Announcement

Collapse
No announcement yet.
X
  • Filter
  • Time
  • Show
Clear All
new posts

  • Pairwise correlations

    Hi,

    I am a very new user in Stata and need help with obtaining only relevant correlation coefficients when running pwcorr or spearman commands.

    Example:
    I have the following variables in my data set: Weight-a, Weight-b, BMI-a, BMI-b, Hight-a, Hight-b
    I want to get the following table directly:
    Variable r-value
    Weight* 1.0
    BMI 1.0
    Hight 0.9
    *for the correlation between Weight-a and -b, etc

    Is there any way to get the table above instead of getting the traditional one where every single variable is compared to all other ones?

  • #2
    Maybe this text may interest you. That said, there are at least two aspects here, one is having specific paired correlations, the other is presenting them in a table. Personally, I just copy the results and paste them in a customized table.
    Best regards,

    Marcos

    Comment


    • #3
      Yes. cpcorr (SSC) does this.

      Code:
      . sysuse auto, clear
      (1978 Automobile Data)
      
      . cpcorr price headroom-gear \ mpg
      (obs=74)
      
                        mpg
             price  -0.4686
          headroom  -0.4138
             trunk  -0.5816
            weight  -0.8072
            length  -0.7958
              turn  -0.7192
      displacement  -0.7056
        gear_ratio   0.6162
      
      . cpcorr price headroom-gear \ mpg, format(%04.3f)
      (obs=74)
      
                       mpg
             price  -0.469
          headroom  -0.414
             trunk  -0.582
            weight  -0.807
            length  -0.796
              turn  -0.719
      displacement  -0.706
        gear_ratio   0.616
      
      . ssc desc cpcorr
      
      --------------------------------------------------------------------------------------------------------------------------------------------------
      package cpcorr from http://fmwww.bc.edu/repec/bocode/c
      --------------------------------------------------------------------------------------------------------------------------------------------------
      
      TITLE
            'CPCORR': module for correlations for each row vs each column variable
      
      DESCRIPTION/AUTHOR(S)
            
            cpcorr produces a matrix of correlations for rowvarlist versus
            colvarlist. cpspear does the same for Spearman correlations.
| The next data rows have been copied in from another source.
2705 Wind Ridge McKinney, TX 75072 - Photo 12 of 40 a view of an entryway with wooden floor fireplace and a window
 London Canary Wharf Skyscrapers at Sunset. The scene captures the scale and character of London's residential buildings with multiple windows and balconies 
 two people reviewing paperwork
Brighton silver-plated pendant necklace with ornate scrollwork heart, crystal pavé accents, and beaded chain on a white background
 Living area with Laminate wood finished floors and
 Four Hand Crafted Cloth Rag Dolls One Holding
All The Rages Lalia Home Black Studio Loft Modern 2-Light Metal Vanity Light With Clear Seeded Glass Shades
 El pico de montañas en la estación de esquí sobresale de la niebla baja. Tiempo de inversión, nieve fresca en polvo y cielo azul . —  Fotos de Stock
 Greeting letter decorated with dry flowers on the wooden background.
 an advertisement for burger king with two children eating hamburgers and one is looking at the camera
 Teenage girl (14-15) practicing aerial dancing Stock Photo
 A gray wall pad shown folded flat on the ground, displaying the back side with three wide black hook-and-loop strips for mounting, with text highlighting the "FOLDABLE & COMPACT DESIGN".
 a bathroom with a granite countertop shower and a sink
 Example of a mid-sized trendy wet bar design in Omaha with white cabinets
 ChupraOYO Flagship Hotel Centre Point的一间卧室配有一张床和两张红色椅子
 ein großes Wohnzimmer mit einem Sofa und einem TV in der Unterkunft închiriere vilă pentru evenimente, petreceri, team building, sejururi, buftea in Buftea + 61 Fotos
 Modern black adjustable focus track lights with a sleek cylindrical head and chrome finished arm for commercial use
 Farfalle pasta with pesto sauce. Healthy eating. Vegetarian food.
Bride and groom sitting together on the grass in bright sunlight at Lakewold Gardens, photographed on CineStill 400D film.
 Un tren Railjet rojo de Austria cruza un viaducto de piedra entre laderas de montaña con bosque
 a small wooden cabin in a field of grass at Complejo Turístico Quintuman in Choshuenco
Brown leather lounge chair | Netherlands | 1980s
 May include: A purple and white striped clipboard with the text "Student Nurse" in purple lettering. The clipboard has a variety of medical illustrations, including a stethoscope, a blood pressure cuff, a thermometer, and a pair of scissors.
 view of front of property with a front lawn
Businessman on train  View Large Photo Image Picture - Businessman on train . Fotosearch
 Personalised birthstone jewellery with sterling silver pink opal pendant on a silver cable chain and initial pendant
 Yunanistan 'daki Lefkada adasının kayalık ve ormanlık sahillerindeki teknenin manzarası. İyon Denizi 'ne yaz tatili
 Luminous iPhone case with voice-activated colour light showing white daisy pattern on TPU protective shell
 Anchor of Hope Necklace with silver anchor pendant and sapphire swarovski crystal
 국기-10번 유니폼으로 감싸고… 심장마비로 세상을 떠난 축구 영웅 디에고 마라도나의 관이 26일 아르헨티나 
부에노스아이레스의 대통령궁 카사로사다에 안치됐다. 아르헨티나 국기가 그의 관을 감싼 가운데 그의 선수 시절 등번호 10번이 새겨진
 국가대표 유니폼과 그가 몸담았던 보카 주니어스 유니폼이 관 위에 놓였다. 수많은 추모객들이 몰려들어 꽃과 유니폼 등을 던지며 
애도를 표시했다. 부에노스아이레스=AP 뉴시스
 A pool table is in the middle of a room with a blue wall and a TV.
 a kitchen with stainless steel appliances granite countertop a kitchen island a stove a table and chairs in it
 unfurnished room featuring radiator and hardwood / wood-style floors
This
            matrix may thus be oblong, and need not be square. Both also
            allow a single varlist.
            
            KW: correlate
            KW: matrix
            KW: oblong
            
            Requires: Stata version 10.0 (6.0 for cpcorr6, cpspear6)
            
            
            Author: Nicholas J. Cox, Durham University
            Support: email [email protected]
            
            Distribution-Date: 20150916
            
      
      INSTALLATION FILES                               (type net install cpcorr)
            cpcorr.ado
            cpcorr.sthlp
            cpspear.ado
            cpspear.sthlp
            cpcorr6.ado
            cpcorr6.hlp
            cpspear6.ado
            cpspear6.hlp
      --------------------------------------------------------------------------------------------------------------------------------------------------
      (type ssc install cpcorr to install)
      .

      Comment


      • #4
        Thank you Nick! It worked perfectly. As I compare the results for analytes measured in analyzer X and analyzer Y each, I tried a pair of codes to skip writing the whole varlist. First, I tried the following loop but did not work for variables without suffix (_X or _Y) or string variables:
        Code:
        foreach var of varlist `var'_* {
            cpcorr `var'_X \ `var'_Y
        }
        Then I tried the following loop and it worked:
        Code:
        foreach stub in AL_ BS_ CD_ FR_ MAC_ RAW_ RD_ PT_ PV_ CT_ PW_ LP_ JB_ WBC_ LM_ MY_ GN_ LY_ MID_ GO_  {
            cpcorr `stub'X \ `stub'Y 
        }
        Still, I have to write the prefix (=name of the analyte) for each variable. Is there is a way to get the results without typing the whole varlist? And even better if I can get the results in one table (instead of repeating the same command using the loop which creates many tables). I'm a new user in Stata and appreciate every single tip.

        Comment


        • #5
          As I understand it, AL_X and AL_Y are just two variables so there is no gain in using cpcorr rather than correlate. Something like this may be more to your taste:


          Code:
          * sandbox dataset
          clear
          set obs 7
          set seed 2803
          foreach s in AL BS CD {
              gen `s'_X = rnormal()
              gen `s'_Y = rnormal()
          }
          
          * you start here
          unab stubs : *_X
          local stubs : subinstr local stubs "_X" "", all
          local nstubs : word count `stubs'
          
          matrix results = J(`nstubs', 1, .)
          
          local i = 1
          foreach s of local stubs {
              quietly corr `s'_X `s'_Y
              mat results[`i', 1] = r(rho)
              local ++i
          }
          
          mat rownames results = `stubs'
          mat li results, format(%05.3f)
          
          * results I got follow here
          
          results[3,1]
                  c1
          AL   0.366
          BS  -0.490
          CD  -0.454
          The trick in getting the stubs in one place is described at https://www.stata.com/support/faqs/d...-with-reshape/

          Comment


          • #6

            Thank you Nick for the code. Almost everything in the code is new for me so I have a long list of commands to learn about which I find fun and challenging Right now I get the error message r(198) for the "matrix results = J(`nstubs', 1, .)" when I run the code for the whole dataset. I'm still investigating the reason...

            Comment


            • #7
              I guess you are trying to execute the commands line by line from a do-file editor window. If so, don't do that. The local macro definitions of the form `foo' are not intervisible that way.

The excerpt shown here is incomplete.